そう訊ねられた瞬間、一瞬だけ息が詰まった。

「勿論、話したなかったら無理して言わんでええから」

それを見逃さなかったんか、白石は頭を撫でながら柔らかな口調で言うてくれる。

「ええよ。話す」

白石の手が乗った頭を振って、その申し出を断った。
やって、ウチのことを心配して、サボりに付き合うてくれてる白石には、事情を知る権利があるやろうから。



***



「……そうやったんや……」

昨日の出来事を、洗いざらい白石に話すと、少し驚きが滲んだ相槌が返された。

「おん。
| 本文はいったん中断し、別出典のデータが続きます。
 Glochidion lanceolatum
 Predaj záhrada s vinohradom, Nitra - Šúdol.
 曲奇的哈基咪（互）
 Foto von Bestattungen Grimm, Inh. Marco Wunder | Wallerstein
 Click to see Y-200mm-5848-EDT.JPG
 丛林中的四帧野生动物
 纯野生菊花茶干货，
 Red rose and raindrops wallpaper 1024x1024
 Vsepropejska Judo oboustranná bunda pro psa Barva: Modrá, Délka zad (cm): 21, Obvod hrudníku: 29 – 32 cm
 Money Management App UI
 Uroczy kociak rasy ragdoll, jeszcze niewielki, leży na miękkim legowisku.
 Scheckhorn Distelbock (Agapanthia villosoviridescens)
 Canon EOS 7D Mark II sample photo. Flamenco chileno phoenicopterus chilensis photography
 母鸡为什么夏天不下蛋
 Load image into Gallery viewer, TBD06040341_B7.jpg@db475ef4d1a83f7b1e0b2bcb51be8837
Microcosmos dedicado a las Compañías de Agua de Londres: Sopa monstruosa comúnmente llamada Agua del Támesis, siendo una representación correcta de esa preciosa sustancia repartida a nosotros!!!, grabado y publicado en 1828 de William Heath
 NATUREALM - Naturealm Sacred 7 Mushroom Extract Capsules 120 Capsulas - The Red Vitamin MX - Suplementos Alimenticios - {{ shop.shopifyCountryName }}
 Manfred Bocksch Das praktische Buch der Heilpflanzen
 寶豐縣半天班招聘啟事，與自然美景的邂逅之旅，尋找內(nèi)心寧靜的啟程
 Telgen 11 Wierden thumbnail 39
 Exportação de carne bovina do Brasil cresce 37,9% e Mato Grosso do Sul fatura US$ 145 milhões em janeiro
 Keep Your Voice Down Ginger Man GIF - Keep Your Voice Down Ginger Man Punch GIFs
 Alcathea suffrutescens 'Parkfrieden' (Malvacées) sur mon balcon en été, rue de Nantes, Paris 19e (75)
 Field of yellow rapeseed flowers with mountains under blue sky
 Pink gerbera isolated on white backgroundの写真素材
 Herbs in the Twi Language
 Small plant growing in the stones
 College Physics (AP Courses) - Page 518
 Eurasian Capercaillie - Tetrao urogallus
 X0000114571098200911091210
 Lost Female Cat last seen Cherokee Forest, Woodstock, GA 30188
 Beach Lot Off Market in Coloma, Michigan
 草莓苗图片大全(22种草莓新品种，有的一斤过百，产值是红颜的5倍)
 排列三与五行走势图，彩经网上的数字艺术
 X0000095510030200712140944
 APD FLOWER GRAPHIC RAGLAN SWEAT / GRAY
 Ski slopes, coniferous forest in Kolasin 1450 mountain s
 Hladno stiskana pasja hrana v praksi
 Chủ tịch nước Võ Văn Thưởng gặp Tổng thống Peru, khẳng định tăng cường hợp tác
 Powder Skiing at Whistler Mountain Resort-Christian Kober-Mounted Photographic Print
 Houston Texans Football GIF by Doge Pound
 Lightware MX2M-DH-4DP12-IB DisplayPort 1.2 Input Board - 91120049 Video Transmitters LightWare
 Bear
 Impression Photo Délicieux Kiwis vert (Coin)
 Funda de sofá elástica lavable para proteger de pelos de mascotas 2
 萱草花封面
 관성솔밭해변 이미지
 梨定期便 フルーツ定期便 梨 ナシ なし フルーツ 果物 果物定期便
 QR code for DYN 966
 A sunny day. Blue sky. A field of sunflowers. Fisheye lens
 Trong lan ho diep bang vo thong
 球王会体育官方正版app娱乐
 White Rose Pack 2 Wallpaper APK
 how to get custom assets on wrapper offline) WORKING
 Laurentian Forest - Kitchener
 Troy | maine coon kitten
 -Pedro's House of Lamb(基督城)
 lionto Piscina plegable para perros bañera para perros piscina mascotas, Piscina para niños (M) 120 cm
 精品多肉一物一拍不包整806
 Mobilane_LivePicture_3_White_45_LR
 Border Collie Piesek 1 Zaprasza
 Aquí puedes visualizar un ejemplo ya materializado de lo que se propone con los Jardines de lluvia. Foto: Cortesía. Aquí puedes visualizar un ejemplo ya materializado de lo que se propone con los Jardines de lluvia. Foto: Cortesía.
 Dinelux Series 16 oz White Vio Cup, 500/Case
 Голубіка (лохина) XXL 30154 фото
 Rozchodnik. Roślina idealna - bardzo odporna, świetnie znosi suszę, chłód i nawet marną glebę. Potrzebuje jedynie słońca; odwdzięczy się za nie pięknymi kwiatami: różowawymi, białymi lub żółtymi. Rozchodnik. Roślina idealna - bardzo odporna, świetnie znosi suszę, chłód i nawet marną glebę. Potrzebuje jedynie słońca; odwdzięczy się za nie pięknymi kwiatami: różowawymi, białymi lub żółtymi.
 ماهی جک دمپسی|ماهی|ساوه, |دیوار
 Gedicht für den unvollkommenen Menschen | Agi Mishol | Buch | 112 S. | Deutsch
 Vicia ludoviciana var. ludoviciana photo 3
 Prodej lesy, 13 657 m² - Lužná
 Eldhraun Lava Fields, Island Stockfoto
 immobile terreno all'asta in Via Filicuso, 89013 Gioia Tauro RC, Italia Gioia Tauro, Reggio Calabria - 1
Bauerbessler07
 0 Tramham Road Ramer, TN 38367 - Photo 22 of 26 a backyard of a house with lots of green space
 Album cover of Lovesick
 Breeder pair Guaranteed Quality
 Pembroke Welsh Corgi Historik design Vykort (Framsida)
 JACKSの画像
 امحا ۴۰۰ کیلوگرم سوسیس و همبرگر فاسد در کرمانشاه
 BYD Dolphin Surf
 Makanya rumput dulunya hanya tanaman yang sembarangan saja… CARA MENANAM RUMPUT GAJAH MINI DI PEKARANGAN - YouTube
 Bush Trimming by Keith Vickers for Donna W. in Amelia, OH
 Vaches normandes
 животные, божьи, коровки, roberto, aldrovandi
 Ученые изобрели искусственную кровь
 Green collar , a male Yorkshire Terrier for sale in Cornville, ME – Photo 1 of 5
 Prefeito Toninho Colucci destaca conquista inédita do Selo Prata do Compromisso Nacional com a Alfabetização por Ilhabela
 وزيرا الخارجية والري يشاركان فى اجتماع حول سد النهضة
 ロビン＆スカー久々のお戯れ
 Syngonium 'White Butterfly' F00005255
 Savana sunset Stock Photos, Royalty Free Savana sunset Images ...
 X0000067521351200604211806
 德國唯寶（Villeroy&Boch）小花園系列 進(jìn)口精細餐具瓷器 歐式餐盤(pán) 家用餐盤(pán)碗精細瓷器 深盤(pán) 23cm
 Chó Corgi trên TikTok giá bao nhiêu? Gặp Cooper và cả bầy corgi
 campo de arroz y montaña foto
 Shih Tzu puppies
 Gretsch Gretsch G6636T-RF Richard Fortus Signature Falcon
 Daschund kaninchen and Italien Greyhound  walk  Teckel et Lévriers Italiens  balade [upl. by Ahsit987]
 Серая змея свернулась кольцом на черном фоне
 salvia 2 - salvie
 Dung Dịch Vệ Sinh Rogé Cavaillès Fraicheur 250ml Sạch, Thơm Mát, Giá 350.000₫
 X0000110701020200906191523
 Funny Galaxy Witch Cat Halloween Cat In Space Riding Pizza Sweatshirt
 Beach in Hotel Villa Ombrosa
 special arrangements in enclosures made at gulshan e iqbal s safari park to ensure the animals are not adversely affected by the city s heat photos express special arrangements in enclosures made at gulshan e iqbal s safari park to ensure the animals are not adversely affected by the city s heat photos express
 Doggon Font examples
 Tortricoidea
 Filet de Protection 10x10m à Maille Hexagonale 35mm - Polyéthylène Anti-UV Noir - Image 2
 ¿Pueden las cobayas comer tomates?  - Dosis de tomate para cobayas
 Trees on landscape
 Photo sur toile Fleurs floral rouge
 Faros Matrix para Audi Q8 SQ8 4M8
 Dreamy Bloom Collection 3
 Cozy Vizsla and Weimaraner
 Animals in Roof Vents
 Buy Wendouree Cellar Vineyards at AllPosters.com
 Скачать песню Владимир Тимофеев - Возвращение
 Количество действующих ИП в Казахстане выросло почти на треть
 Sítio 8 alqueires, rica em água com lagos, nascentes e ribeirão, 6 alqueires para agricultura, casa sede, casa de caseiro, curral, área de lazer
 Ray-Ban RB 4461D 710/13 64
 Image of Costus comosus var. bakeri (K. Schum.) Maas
……ホンマ、今思い返せばウチなしてあないなこと言うてしもたんやろ」

一晩中泣いて、今朝謙也と顔を合わせて、気まずくなって。

怒りにまかせて、あんなこと言わなければよかった。
奏に敵わんことくらい、初めからわかってたんに。

そういう後悔の念ばかりが、胸に募る。

「あんなん言うたところで、謙也を困らせてまうだけやんにな……」

自嘲気味に笑えば、ふわりと温もりに覆われる。

「……来栖は、優しすぎや」

耳元で響く、白石の低音ボイス。
それで、漸く抱きしめられていることに気が付いた。

「そないに相手のことばっか考えとったら、自分が参ってしまうで?」

もっと自分を甘やかしや。

白石の言葉に、抑え込んでた涙が再び溢れ出す。

「よう、頑張ったな」

よしよし、と背中を擦ってくれる手。
それが余計に箍を外して、ウチは、白石の前で2度目になる大泣きをした。